Task to carry out
Please take the records that follow and repeat exactly the lines starting with the line with "Joy! Joy To" and going on through the line with "Expansion Bros Podcast".

╭─ Provided data

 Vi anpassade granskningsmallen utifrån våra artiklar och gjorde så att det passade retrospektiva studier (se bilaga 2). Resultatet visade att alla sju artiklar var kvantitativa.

╰─
╭─ Provided data

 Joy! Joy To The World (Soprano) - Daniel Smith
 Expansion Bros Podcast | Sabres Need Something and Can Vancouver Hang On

╰─

Solution
 Joy! Joy To The World (Soprano) - Daniel Smith
 Expansion Bros Podcast | Sabres Need Something and Can Vancouver Hang On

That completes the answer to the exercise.